> **EXERCISE AIM**
Print all of the data exactly, but drop the pictures.

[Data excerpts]
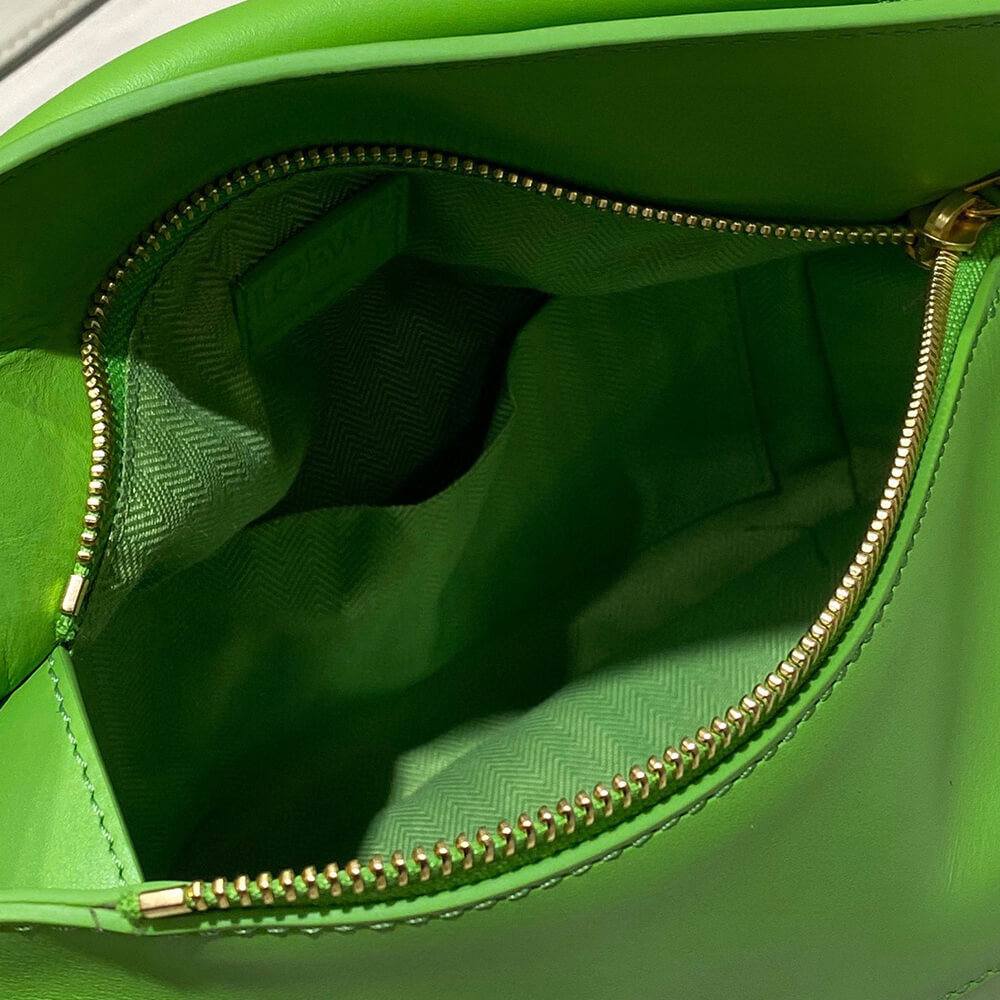 LOEWE Small Puzzle Bag - Top Club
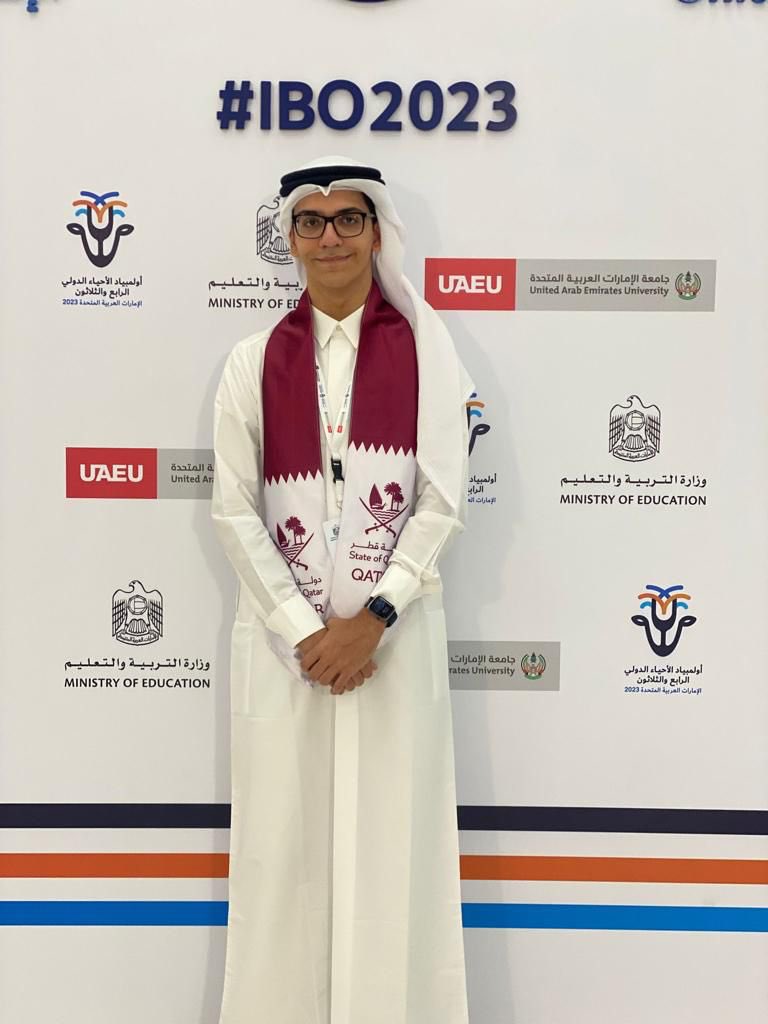 Qatar_Edu's tweet photo. برعاية وزارة التربية والتعليم والتعليم العالي تمكَّن فريق دولة قط�� ممثَّلًا في الطالبة مومينة جول زار احمد من مدرسة مسيعيد الإعدادية الثانوية الدولية من تحقيق الميدالية البرونزية في أولمبياد الأحياء الدولي 2023 الذي أقيم في دولة الإمارات العربية المتحدة خلال الفترة من 2 إلى 11 يوليو بمشاركة 320 طالبًا من 80 دولة في نسخة تُعد الأعلى في معدل المشاركة في تاريخ المسابقة.

كما حصل الطالب يوسف رانى التوم من مدرسة جيمس ويلينغتون الدوحة على شهادة فخرية.

أشرف على فريق دولة قطر المشارك في الأولمبياد الدولي للأحياء موجهو مادة الأحياء في إدارة التوجيه التربوي، وهُم:

الأستاذة/ زينب عبدالله الخياط

الأستاذة/ شيرين حسن مشعل

الدكتور/ محمد مطر الدليمي

الأستاذ/ هاني عاطف محمد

> **YOUR RESPONSE**
 LOEWE Small Puzzle Bag - Top Club
 Qatar_Edu's tweet photo. برعاية وزارة التربية والتعليم والتعليم العالي تمكَّن فريق دولة قط�� ممثَّلًا في الطالبة مومينة جول زار احمد من مدرسة مسيعيد الإعدادية الثانوية الدولية من تحقيق الميدالية البرونزية في أولمبياد الأحياء الدولي 2023 الذي أقيم في دولة الإمارات العربية المتحدة خلال الفترة من 2 إلى 11 يوليو بمشاركة 320 طالبًا من 80 دولة في نسخة تُعد الأعلى في معدل المشاركة في تاريخ المسابقة.

كما حصل الطالب يوسف رانى التوم من مدرسة جيمس ويلينغتون الدوحة على شهادة فخرية.

أشرف على فريق دولة قطر المشارك في الأولمبياد الدولي للأحياء موجهو مادة الأحياء في إدارة التوجيه التربوي، وهُم:

الأستاذة/ زينب عبدالله الخياط

الأستاذة/ شيرين حسن مشعل

الدكتور/ محمد مطر الدليمي

الأستاذ/ هاني عاطف محمد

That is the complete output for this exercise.